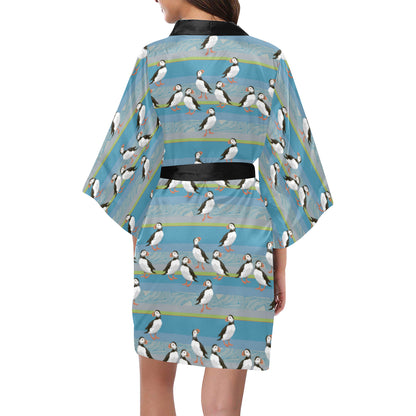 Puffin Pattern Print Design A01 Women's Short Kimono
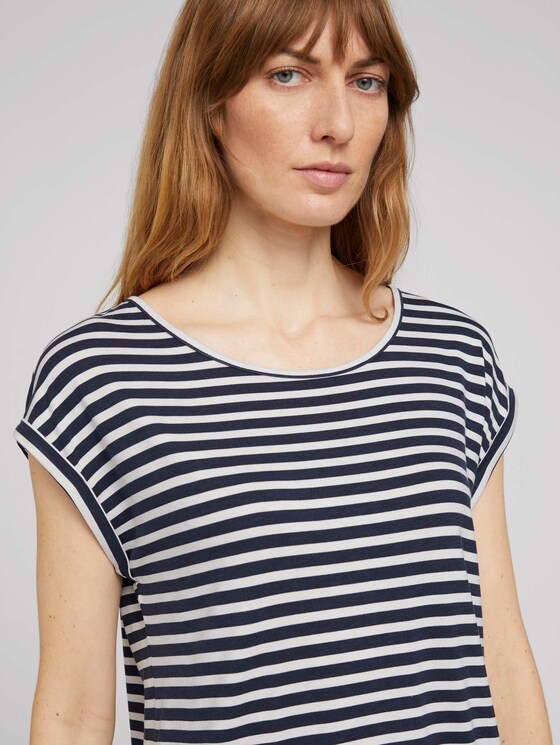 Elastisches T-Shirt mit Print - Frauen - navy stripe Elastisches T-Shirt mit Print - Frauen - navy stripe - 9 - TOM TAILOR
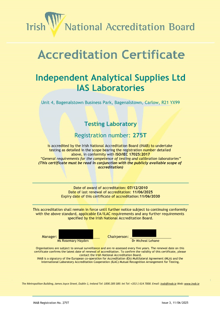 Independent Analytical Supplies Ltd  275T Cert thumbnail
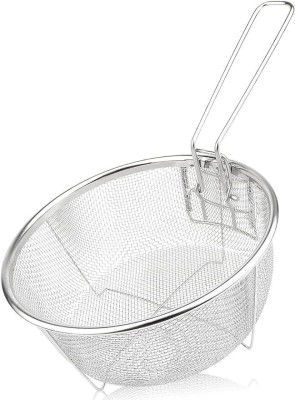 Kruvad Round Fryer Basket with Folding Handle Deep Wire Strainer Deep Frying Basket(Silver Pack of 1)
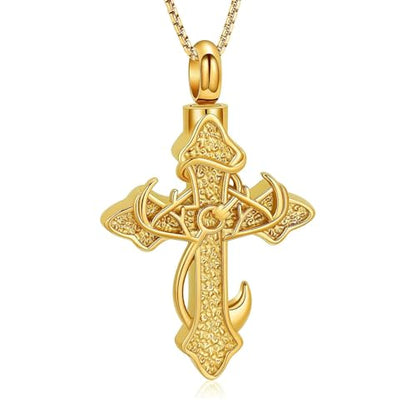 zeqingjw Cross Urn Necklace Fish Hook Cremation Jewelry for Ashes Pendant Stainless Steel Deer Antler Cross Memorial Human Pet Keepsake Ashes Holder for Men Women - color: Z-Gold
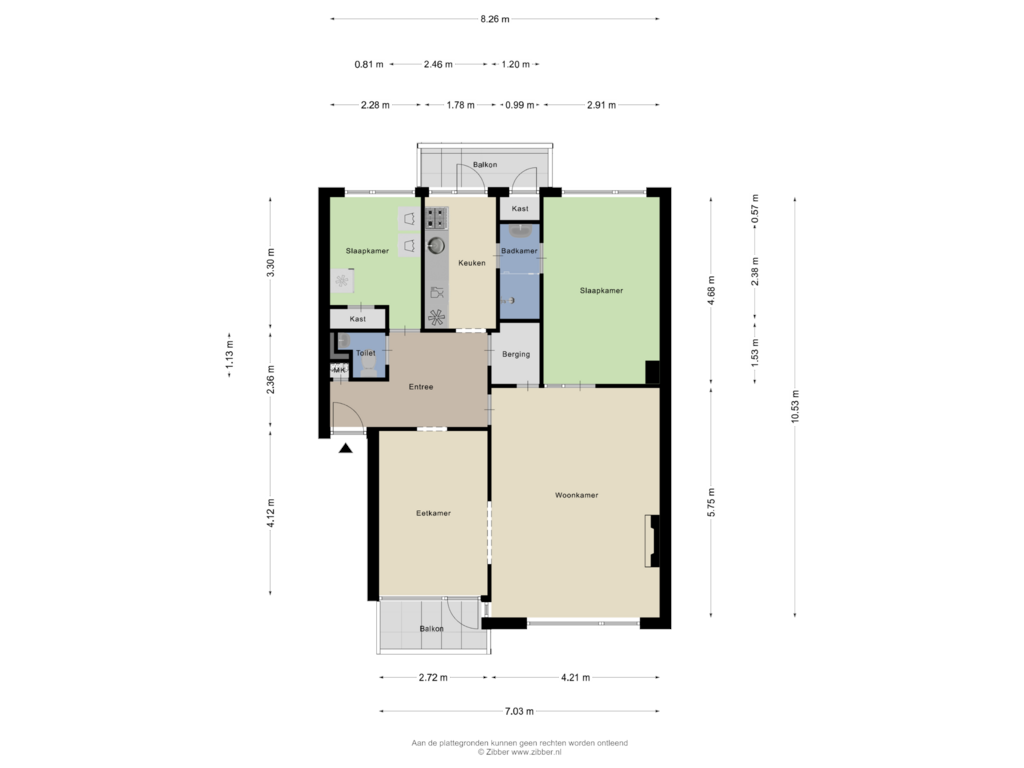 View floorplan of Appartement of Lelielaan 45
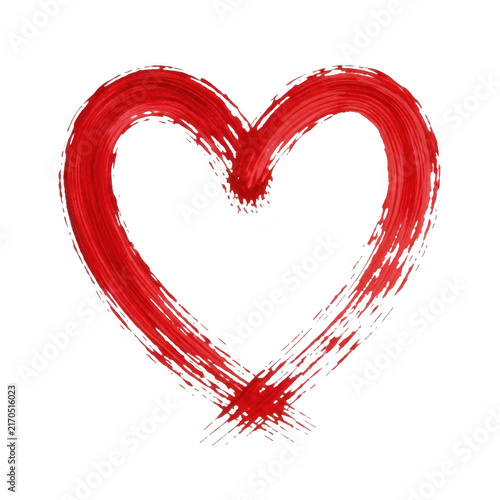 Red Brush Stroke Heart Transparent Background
☆ ☆ ☆ ☆ ☆ ☆ ☆
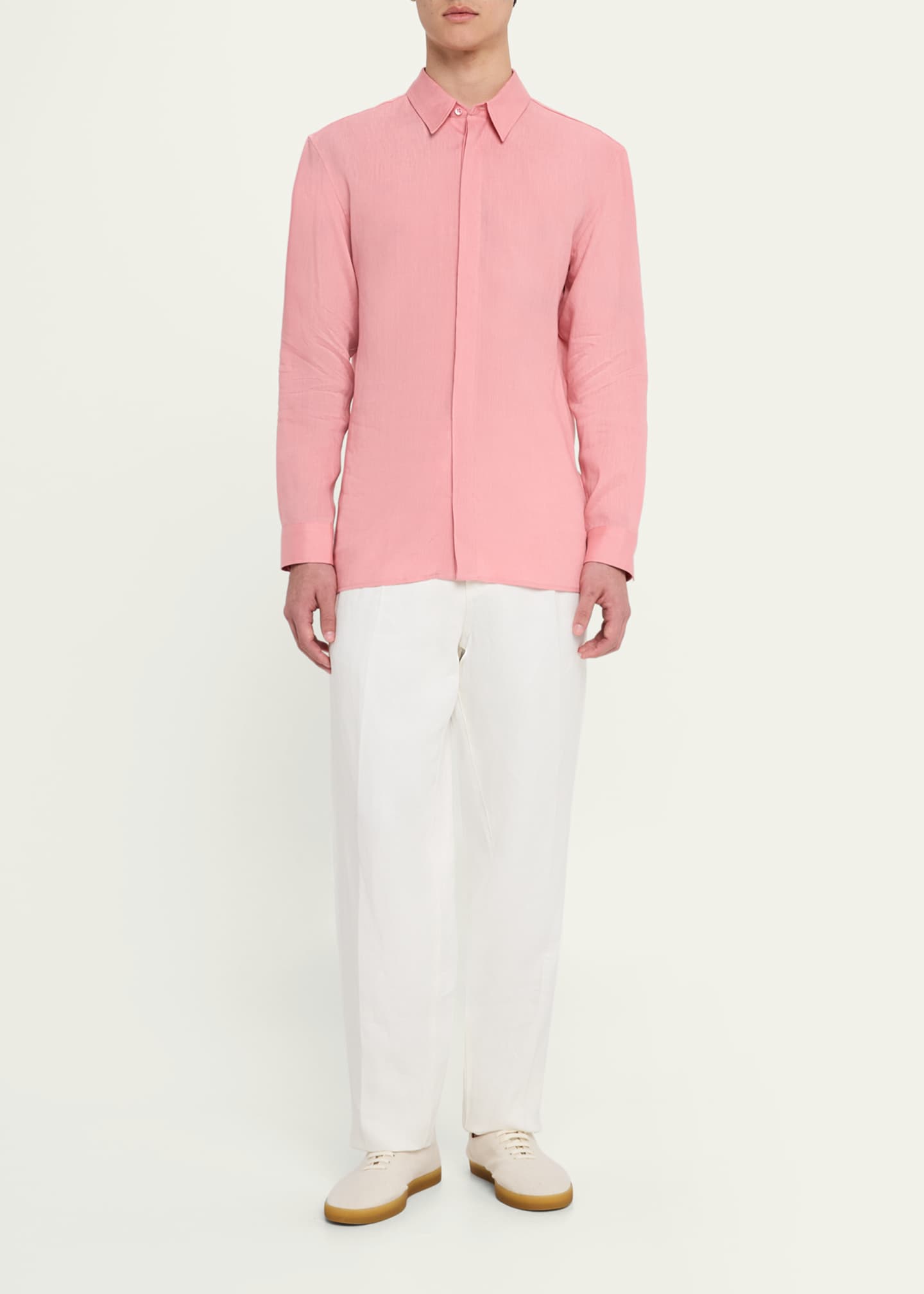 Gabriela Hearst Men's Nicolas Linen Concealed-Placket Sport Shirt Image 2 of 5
☆ ☆ ☆ ☆ ☆ ☆ ☆
INSTRUCTIONS FOR THE TASK » Above are the records; copy exactly the lines from the one with "Puffin Pattern Print" through the one with "Red Brush Stroke", including both, and nothing more. Leave out pictures.

EXPECTED ANSWER »
 Puffin Pattern Print Design A01 Women's Short Kimono
 Elastisches T-Shirt mit Print - Frauen - navy stripe Elastisches T-Shirt mit Print - Frauen - navy stripe - 9 - TOM TAILOR
 Independent Analytical Supplies Ltd  275T Cert thumbnail
 Kruvad Round Fryer Basket with Folding Handle Deep Wire Strainer Deep Frying Basket(Silver Pack of 1)
 zeqingjw Cross Urn Necklace Fish Hook Cremation Jewelry for Ashes Pendant Stainless Steel Deer Antler Cross Memorial Human Pet Keepsake Ashes Holder for Men Women - color: Z-Gold
 View floorplan of Appartement of Lelielaan 45
 Red Brush Stroke Heart Transparent Background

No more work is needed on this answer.